The Defence Department has been accused of turning a blind eye to universities illegally sharing military technology with China.
- Hundreds of research projects linking Australian scientists with senior Chinese military figures
- Defence Department relies on self-assessment from universities to police interactions with overseas academics
- Collaborations mean Australian technology could be used against it on the battlefield
Former senior defence official Peter Jennings has told AM there was a "likelihood" universities were breaking strict export controls on technology that could be used for military purposes.
He said the time had come for the Defence Department to conduct a deep and immediate investigation.
"The department should now be looking to audit the performance of universities because we are talking about the mass migration over to Chinese interests and that's not in Australia's commercial, or indeed national, security interests," he said.
There are strict rules banning the sharing of research that could be used for military purposes by Australia's potential foes, including China.

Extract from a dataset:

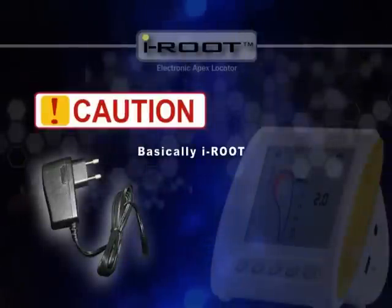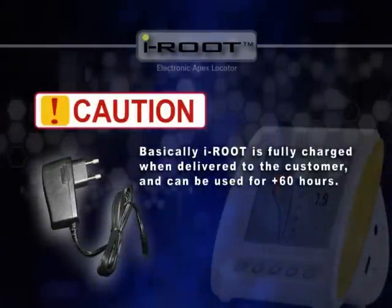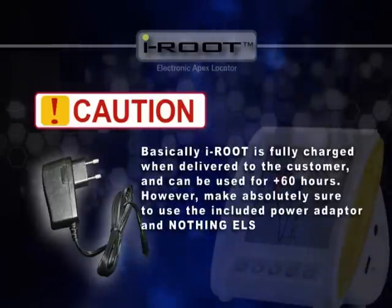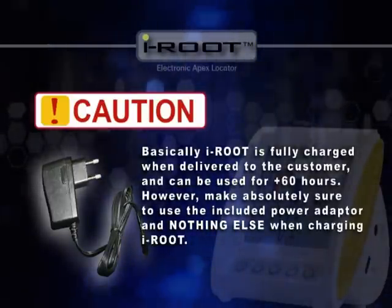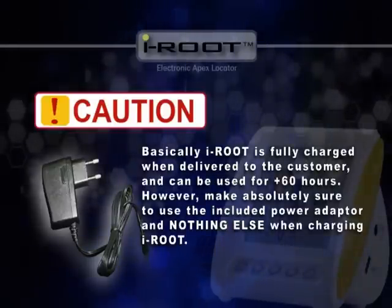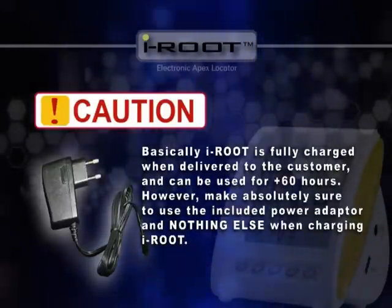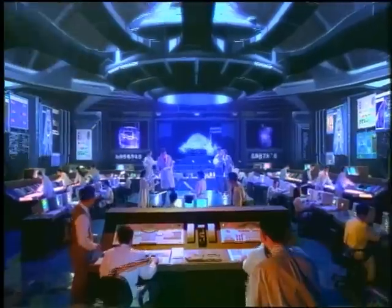Things to keep in mind when using iRoot: one power adapter is included in the package for charging the lithium-ion battery. iRoot is fully charged when delivered to the customer and can be used for over 60 hours. However, make absolutely sure to use the included power adapter and nothing else when charging iRoot.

Australian universities conduct world-leading research in areas such as artificial intelligence, super computing and driverless car technology that could be adapted for military purposes.
The Defence Department said it relied on self-assessment from universities to police their academics' interactions with overseas academics.

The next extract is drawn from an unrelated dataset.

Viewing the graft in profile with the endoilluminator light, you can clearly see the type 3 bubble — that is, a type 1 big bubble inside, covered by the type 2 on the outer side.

"It is ultimately the responsibility of each institution to ensure they comply with the law," the Department told the ABC in response to questions about links between Australian and Chinese researchers.

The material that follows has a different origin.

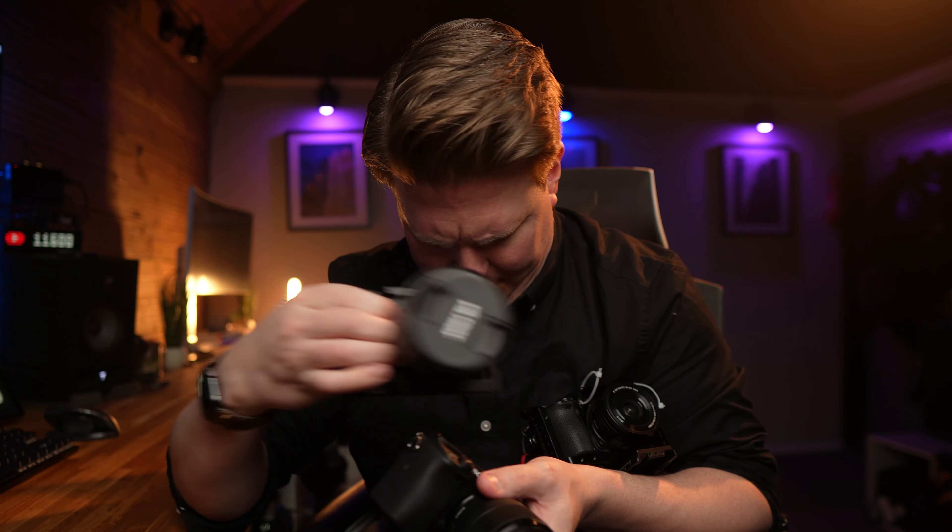Camera manufacturers are coming out with new cameras what feels like pretty much every day, and it's really hard to keep track of them all. There's the a6300, the a6400, the a6500, the a6600 — and that's not including the full frame offerings. So how do you know which camera to buy, which camera is the safest investment, and what features each camera has? It's a minefield. So let's just run through them really quickly.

Charles Sturt University professor Clive Hamilton has uncovered hundreds of research projects linking Australian scientists with senior Chinese military figures.
At the centre of a web of questionable collaborations with Australian universities sit Yang Xuejun, a Lieutenant-General in China's People's Liberation Army who heads the country's top defence research academy.
Professor Hamilton said much of those collaborations could mean Australian technology could be used against it on the battlefield.
"There is no doubt some of the technology they are working on is being applied to improve the battle readiness of the PLA," Professor Hamilton said.
Laws governing the export of defence technology were tightened in 2012 to include university research following the signing of a weapons treaty between Australia and the US.
Professor Hamilton said questions about Australian universities collaborating with Chinese military researchers could damage relations with Australia's biggest strategic ally.
"I know that our research is being carefully read in Washington and hard questions are being asked of the Australian Government," he said.